What is required
Write down exactly what lies from the line containing "Thống kê giải" to the end of the records, inclusive, and omit the pictures.

━━━━━ Supplied data

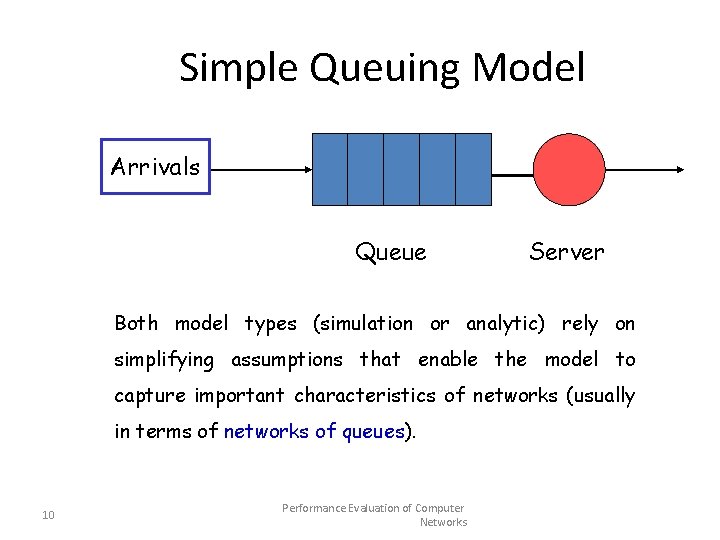 Simple Queuing Model Arrivals Queue Server Both model types (simulation or analytic) rely on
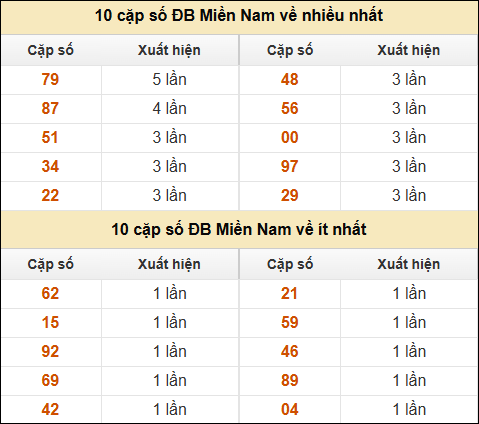 Thống kê giải đặc biệt XSMN về nhiều nhất và ít nhất ngày 14/12/2024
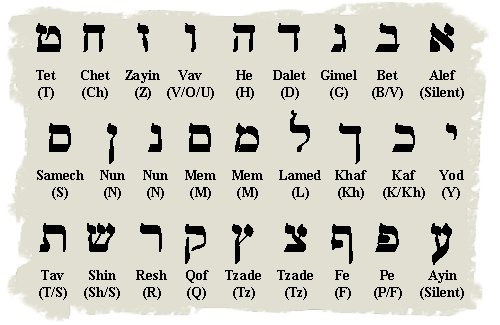 Hebrew Alphabet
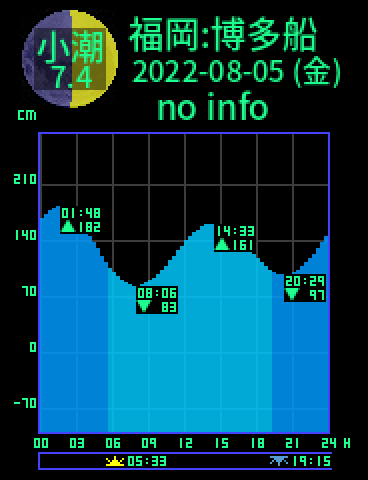 福岡：博多船留のタイドグラフ（2022-08-06(土)）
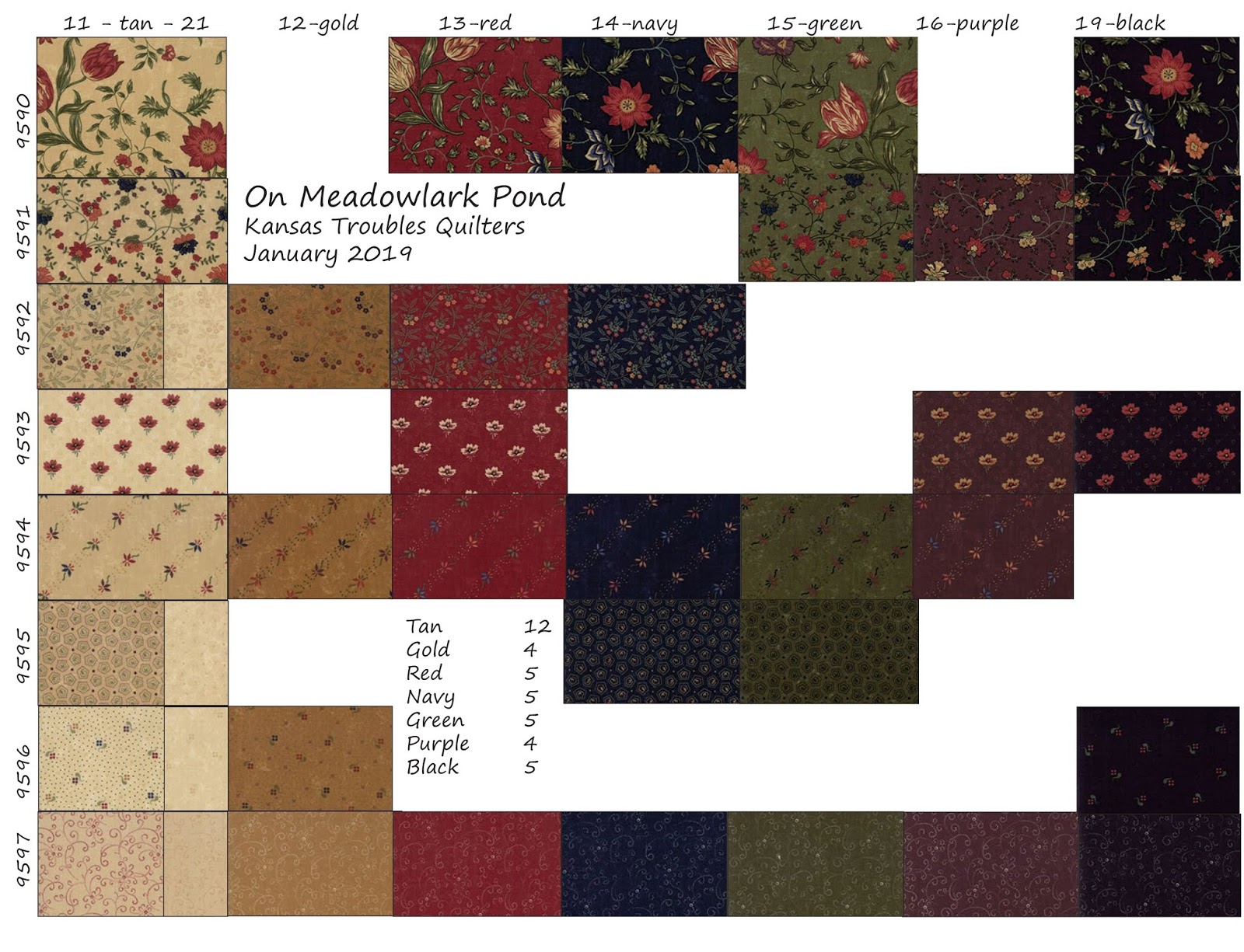 On Meadowlark Pond by Kansas Troubles for Moda Fabrics 2 items in listing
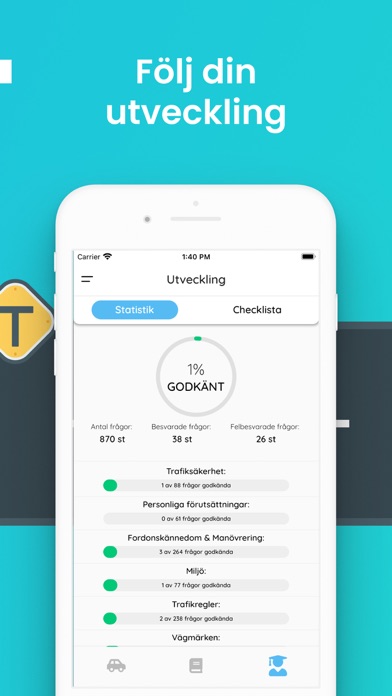 Fixa Körkort: Frågor & Teori Screenshot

━━━━━━━━━━

Solved problem
 Thống kê giải đặc biệt XSMN về nhiều nhất và ít nhất ngày 14/12/2024
 Hebrew Alphabet
 福岡：博多船留のタイドグラフ（2022-08-06(土)）
 On Meadowlark Pond by Kansas Troubles for Moda Fabrics 2 items in listing
 Fixa Körkort: Frågor & Teori Screenshot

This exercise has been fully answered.